RISKS OF HEDGING AND TRADING TRANSACTIONS
 
     In order to manage its exposure to price risks in the marketing of its oil
and natural gas and in connection with its trading activities, HSR has in the
past entered and may in the future enter into oil and natural gas futures
contracts on the New York Mercantile Exchange ("NYMEX"), fixed price delivery
contracts and financial swaps. Those transactions that are intended to reduce
the effects of volatility of the price of oil and natural gas may limit
potential gains by HSR if oil and natural gas prices were to rise substantially
over the price established by the hedge. In addition, HSR's hedging and trading
may expose HSR to the risk of financial loss in certain circumstances, including
instances in which (i) production is less than expected, (ii) there is a
widening of price differentials between delivery points for HSR's production and
Henry Hub (in the case of NYMEX futures contracts) or delivery points required
by fixed price delivery contracts to the extent they differ from those of HSR's
production, (iii) HSR's customers or the counterparties to its futures contracts
fail to purchase or deliver the contracted quantities of oil or natural gas or
honor their financial commitments or (iv) a sudden, unexpected event materially
affects oil or natural gas prices.
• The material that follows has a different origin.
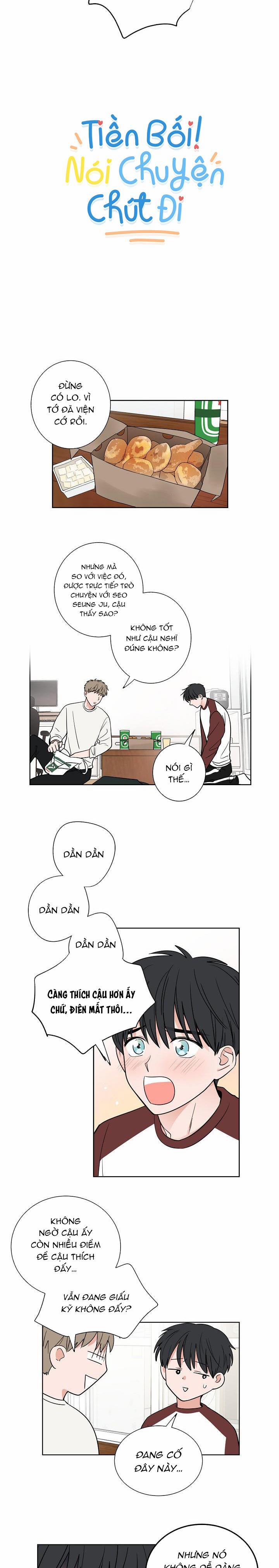 TIỀN BỐI! NÓI CHUYỆN CHÚT ĐI! 8 trang 2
See "Management's Discussion and Analysis of
Financial Condition and Results of Operations -- Liquidity and Capital
Resources" incorporated by reference in this Prospectus.
 
GOVERNMENTAL AND ENVIRONMENTAL REGULATION
 
     The Company's operations are subject to various Federal, state and local
governmental laws and regulations, which may be changed from time to time in
response to economic or political factors. Matters
 
                                        8
<PAGE>   11
 
subject to regulation include, but are not limited to, drilling and operations
permits and approvals, performance bonds, reports concerning operations,
discharge and other permitting requirements, the spacing of wells, unitization
and pooling of properties and taxation.
 
     The Company's operations are subject to complex and constantly changing
environmental laws and regulations adopted by Federal, state and local
governmental authorities. Compliance with such laws has not had a material
adverse effect upon the Company to date. Nevertheless, the discharge of oil,
natural gas or other pollutants into the air, soil or water may give rise to
significant liabilities of the Company to the government and/or third parties,
and may require the Company to incur substantial costs for remediation.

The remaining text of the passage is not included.